▸ Task to carry out:
Retype all of the data word for word, without pictures.

▸ Given entries:
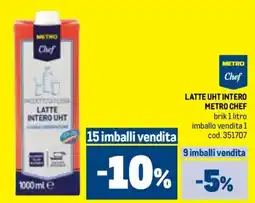 Metro Latte uht intero METRO CHEF offerta
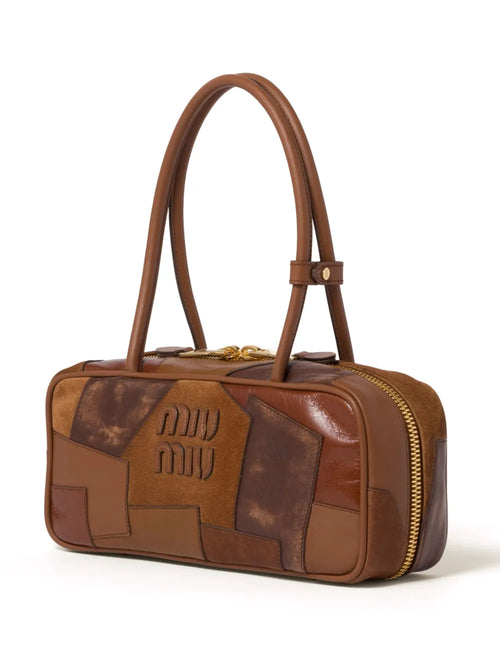 Bolsa Mini De Piel Miu Miu
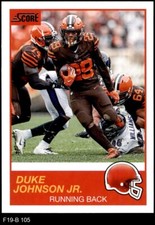2019 Score #105 Duke Johnson Jr. Browns-FB Miami (FL) 8 - NM/MT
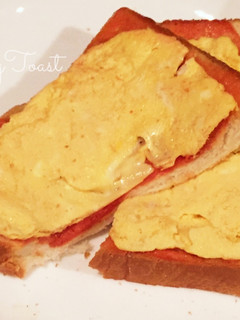 簡単美味しい レンジで玉子のせトースト-レシピのメイン写真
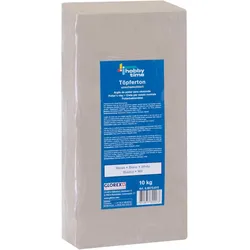 Glorex GmbH 6 8073 610 Töpferton weiß 10 kg, weiß, unschamottiert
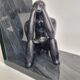 Pair of bookends the thinker and the seated lady, 15 cm
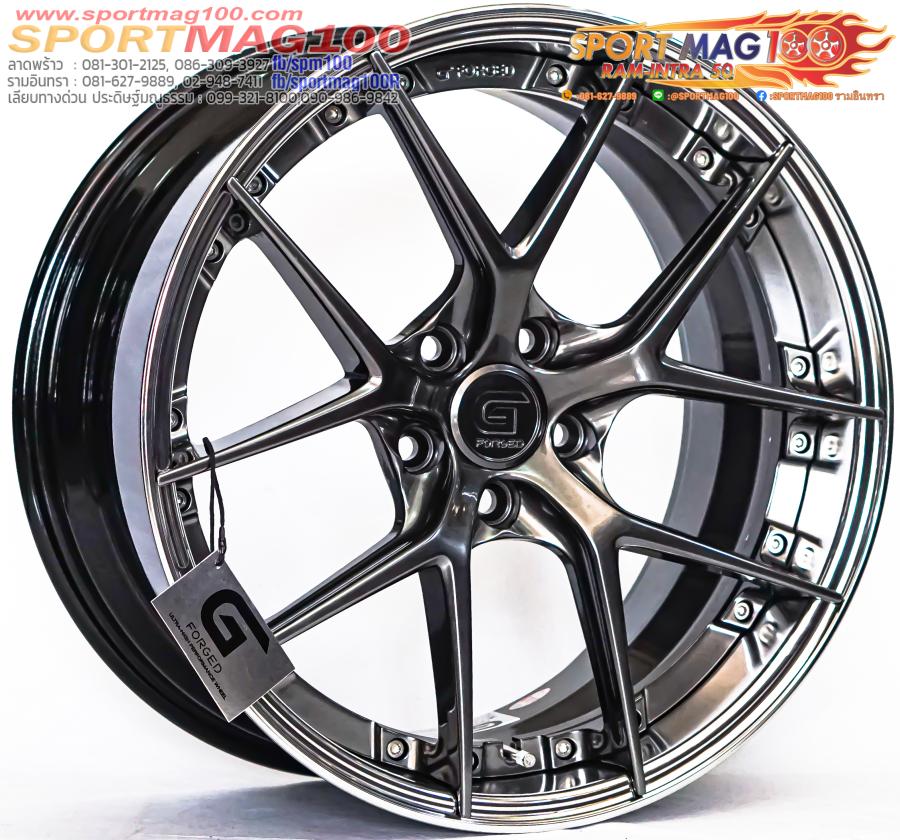 ล้อแม็ก ล้อแม็กแท้2ชิ้น G-Forged GF08 5รู114 สีไฮเปอร์ดาร์คขอบเงา ET32-40 F8.5 R9.5-19นิ้ว 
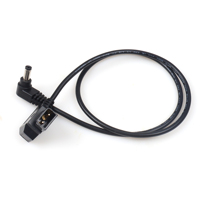 Câble d'alimentation DC5525 mâle à angle droit vers D-tap pour appareil photo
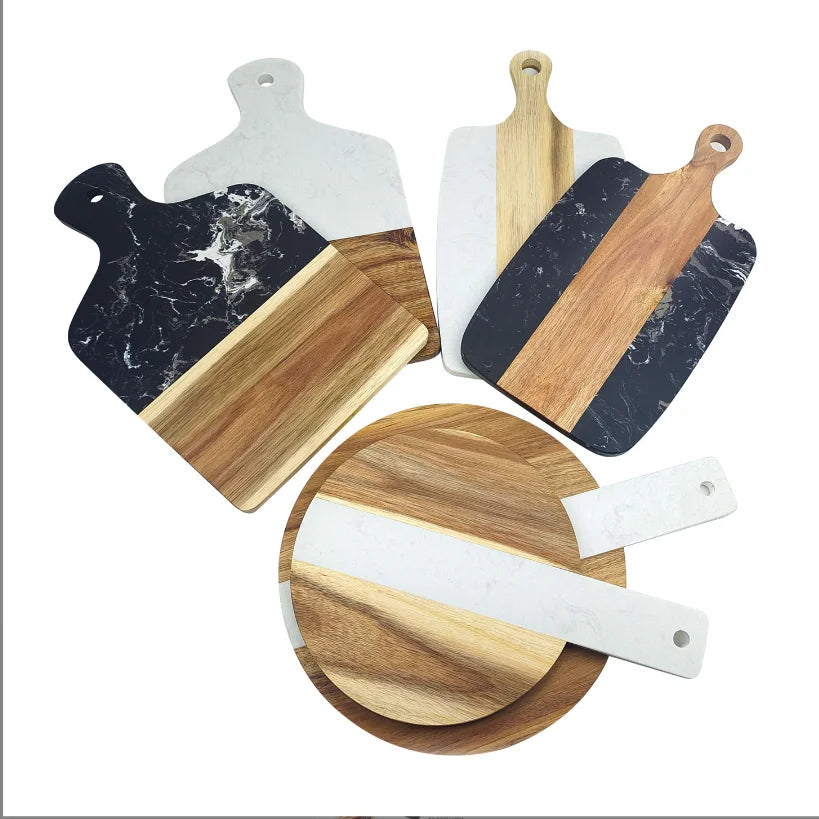 Wooden Marble Kitchen Fruit Cutting Board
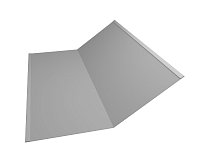 Ендова нижняя 300х300 мм Полиэстер 0,45 мм Ral 9003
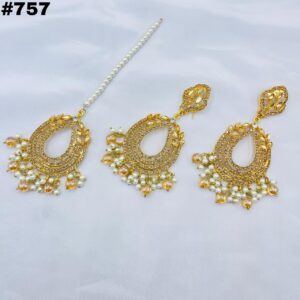 New Beautiful No Ratan Earings +Bindia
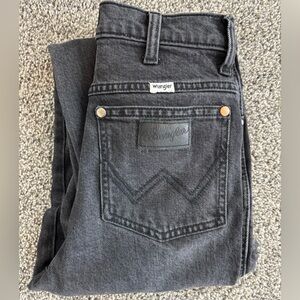 Wrangler Wild West High Rise Straight Women’s Black Jeans Size 25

▸ Result below:
 Metro Latte uht intero METRO CHEF offerta
 Bolsa Mini De Piel Miu Miu
2019 Score #105 Duke Johnson Jr. Browns-FB Miami (FL) 8 - NM/MT
 簡単美味しい レンジで玉子のせトースト-レシピのメイン写真
 Glorex GmbH 6 8073 610 Töpferton weiß 10 kg, weiß, unschamottiert
 Pair of bookends the thinker and the seated lady, 15 cm
 ล้อแม็ก ล้อแม็กแท้2ชิ้น G-Forged GF08 5รู114 สีไฮเปอร์ดาร์คขอบเงา ET32-40 F8.5 R9.5-19นิ้ว 
 Câble d'alimentation DC5525 mâle à angle droit vers D-tap pour appareil photo
 Wooden Marble Kitchen Fruit Cutting Board
 Ендова нижняя 300х300 мм Полиэстер 0,45 мм Ral 9003
 New Beautiful No Ratan Earings +Bindia
 Wrangler Wild West High Rise Straight Women’s Black Jeans Size 25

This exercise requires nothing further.